:: Entries provided
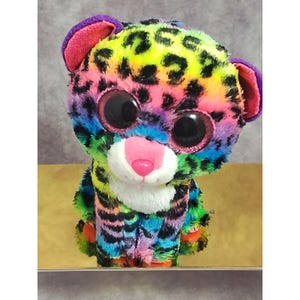 May include: A plush leopard toy featuring a vibrant rainbow-colored fur pattern with black spots. The stuffed animal has large, round, glittery dark eyes, a bright pink nose, and a white muzzle area. The ears are purple with pink inner lining.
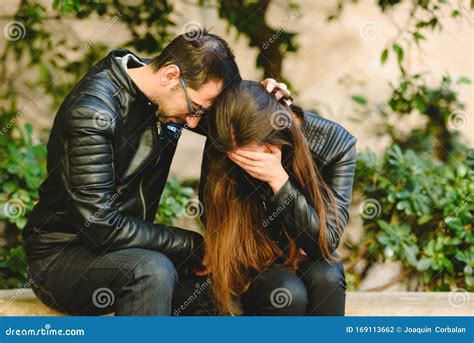 Caring Husband Comforting To Wife Giving Her Psychological Support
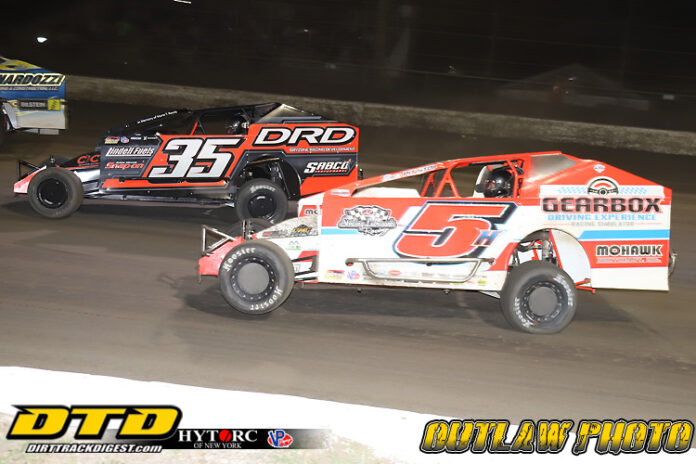 Modified dirt sprint cars racing head-to-head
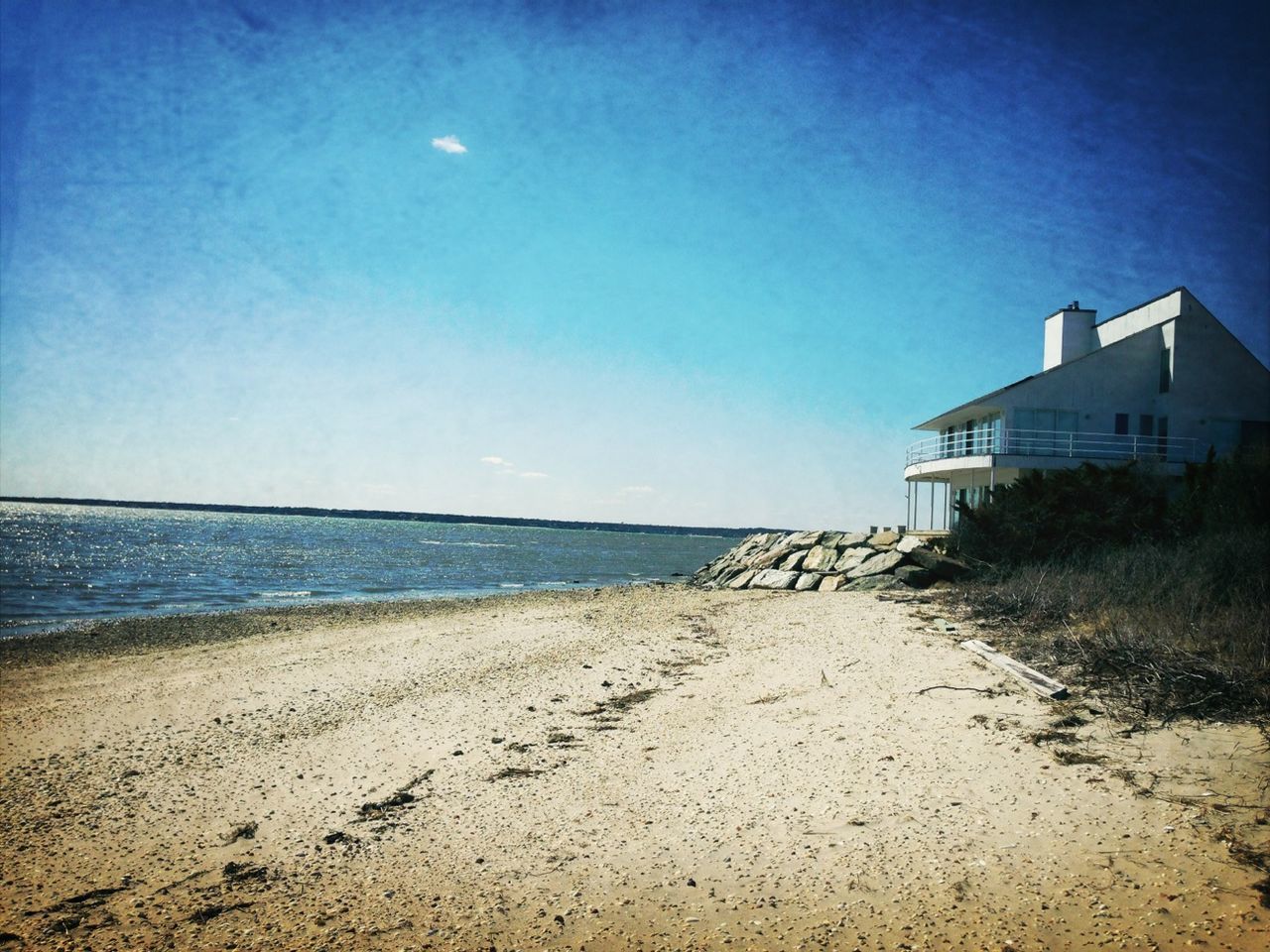 beach, sea, sand, horizon over water, water, shore, built structure, blue, architecture, building exterior, sky, tranquil scene, tranquility, scenics, clear sky, coastline, nature, beauty in nature, copy space, sunlight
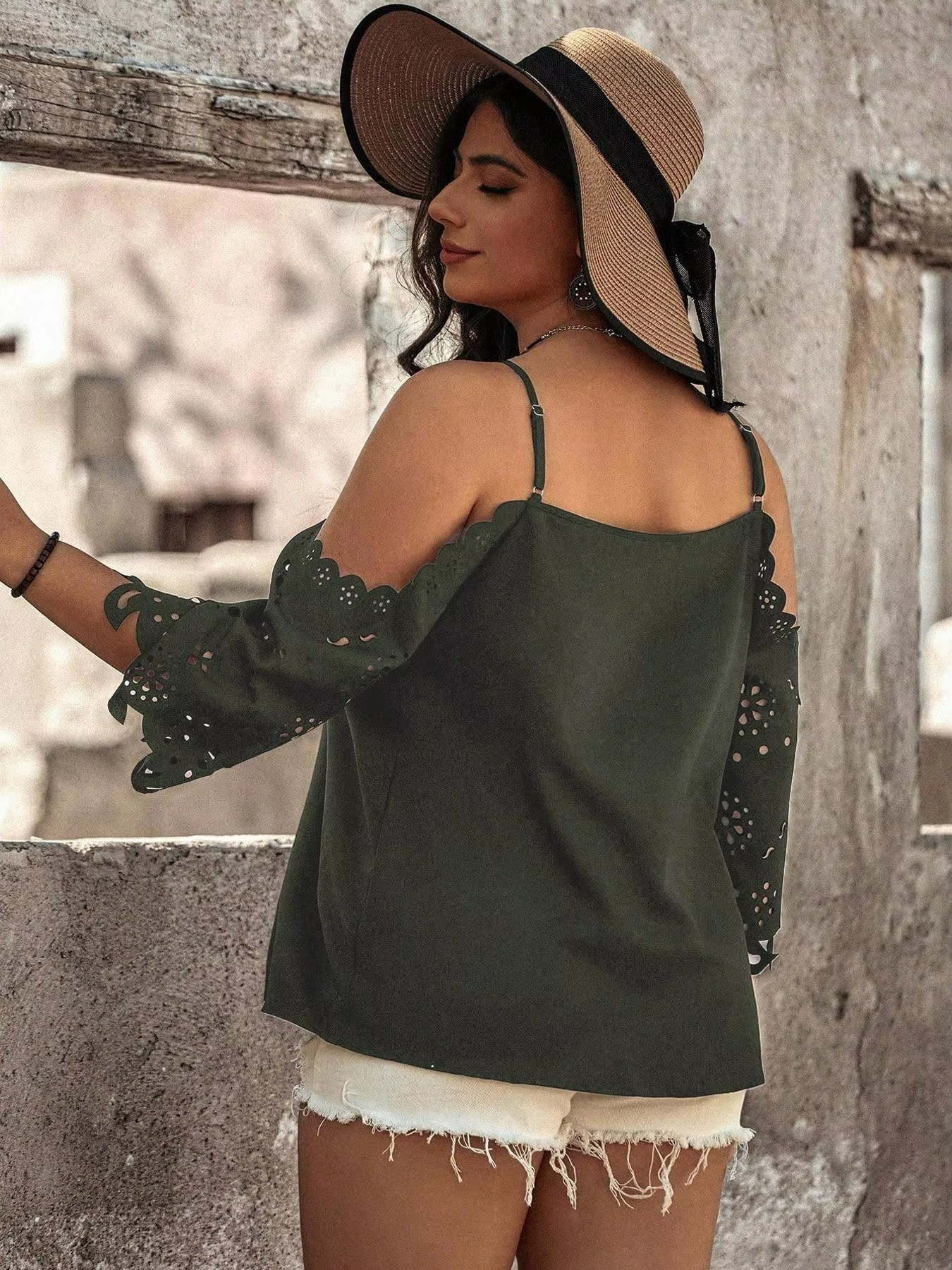 Woman wearing a green top with embellished sleeves and a wide-brimmed hat against a rustic wall.
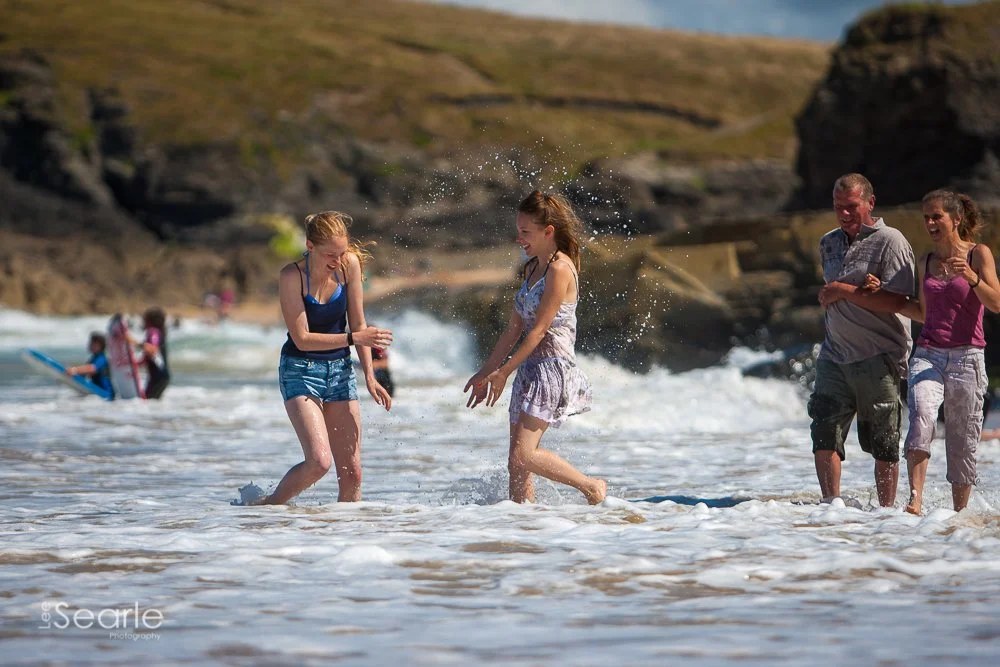 Family paddling and splashing in the surf on a Cornish beach during a natural family photo shoot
::::
Exercise objective:
Repeat exactly and only the lines from the start of the data above through the line that holds "Modified dirt sprint", inclusive. Pictures do not belong in the copy.

Task answer:
 May include: A plush leopard toy featuring a vibrant rainbow-colored fur pattern with black spots. The stuffed animal has large, round, glittery dark eyes, a bright pink nose, and a white muzzle area. The ears are purple with pink inner lining.
 Caring Husband Comforting To Wife Giving Her Psychological Support
 Modified dirt sprint cars racing head-to-head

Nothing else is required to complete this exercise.